Exercise materials -
──────

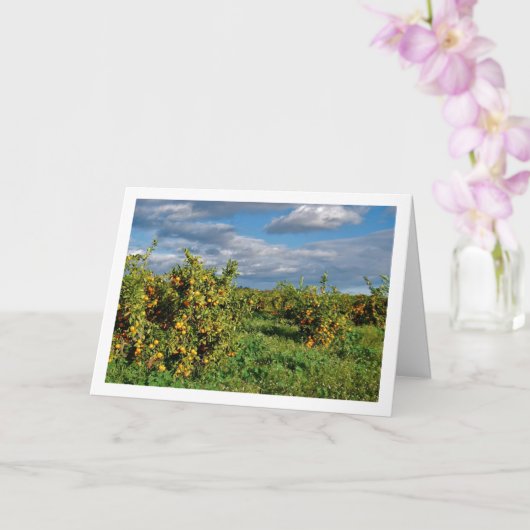 オレンジ畑、バレンシア、スペイン カード (蘭)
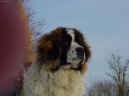 Fotky: Moskevský strážní pes (foto, obrazky)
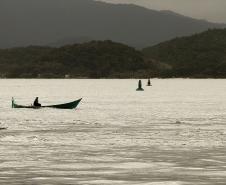 Pesca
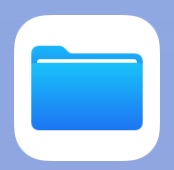 Archivos en el icono de la aplicación iOS
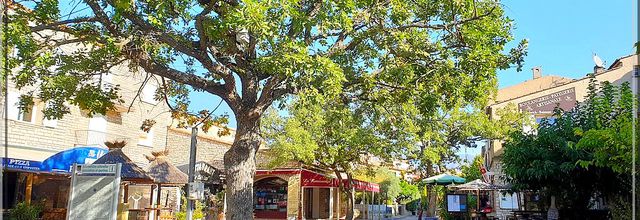 1016 - Les Salles-sur-Verdon dans le Var (83) 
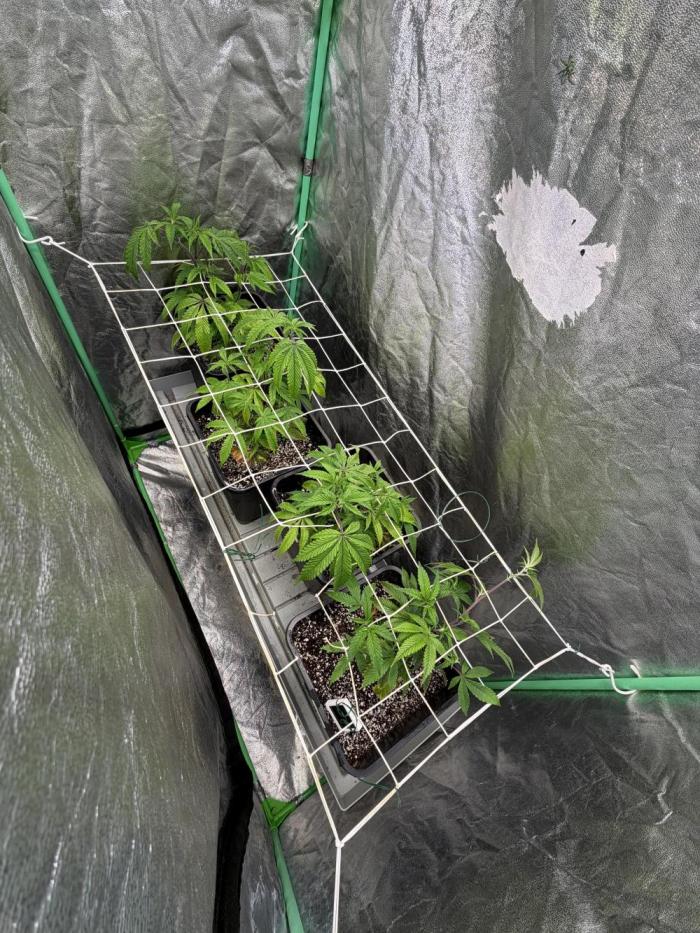 Strawberry Pavé by Compound Genetics. Week 6 - Week 6 Day 1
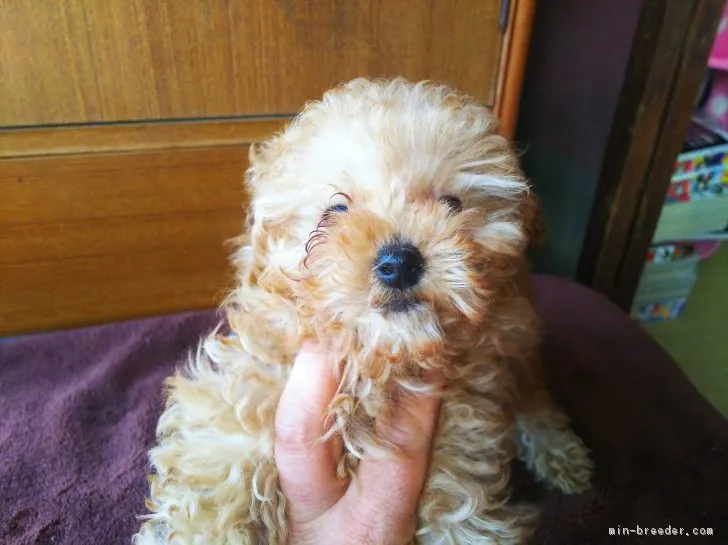 ID:1712-01170の子犬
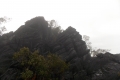 DSCN4651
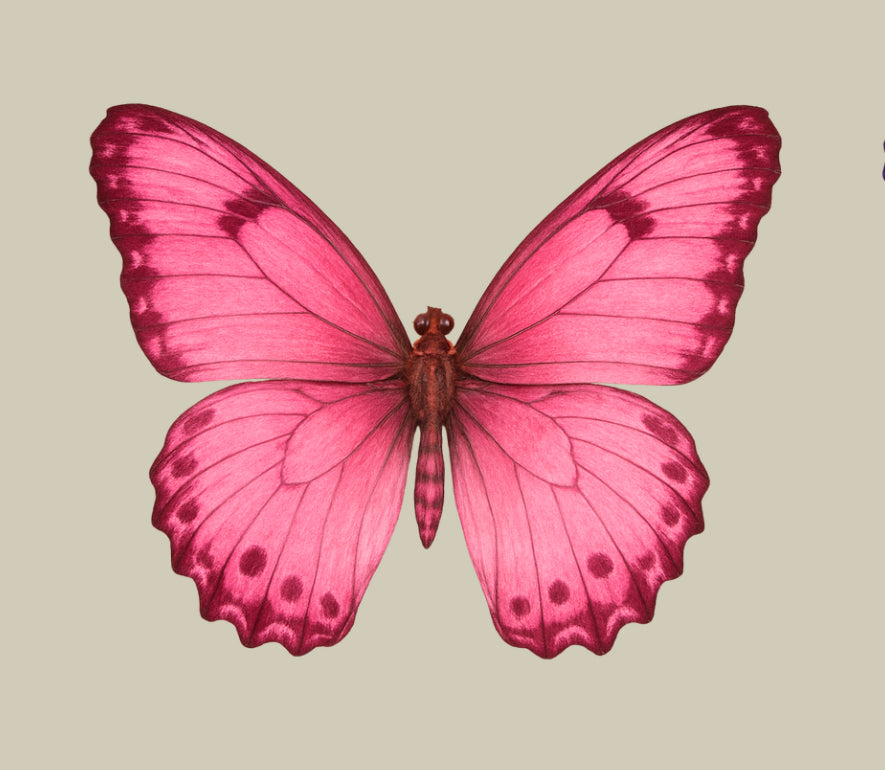 UV - Butterfly- In Loving Memory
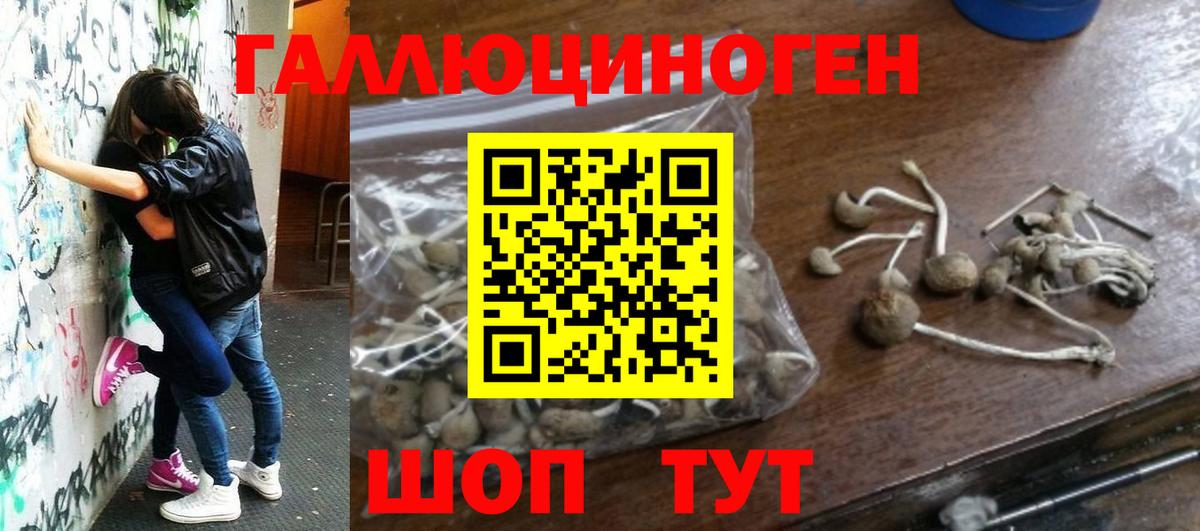 Псилоцибиновые грибы GOLDEN TEACHER Подольск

──────

Exercise - Take the line with "Archivos en el icono de la aplicación iOS" as the first line and the last line of the records above as the final one; reproduce exactly the lines between them, both included, without pictures.

Result of the exercise -
 Archivos en el icono de la aplicación iOS
 1016 - Les Salles-sur-Verdon dans le Var (83) 
 Strawberry Pavé by Compound Genetics. Week 6 - Week 6 Day 1
 ID:1712-01170の子犬
 DSCN4651
 UV - Butterfly- In Loving Memory
 Псилоцибиновые грибы GOLDEN TEACHER Подольск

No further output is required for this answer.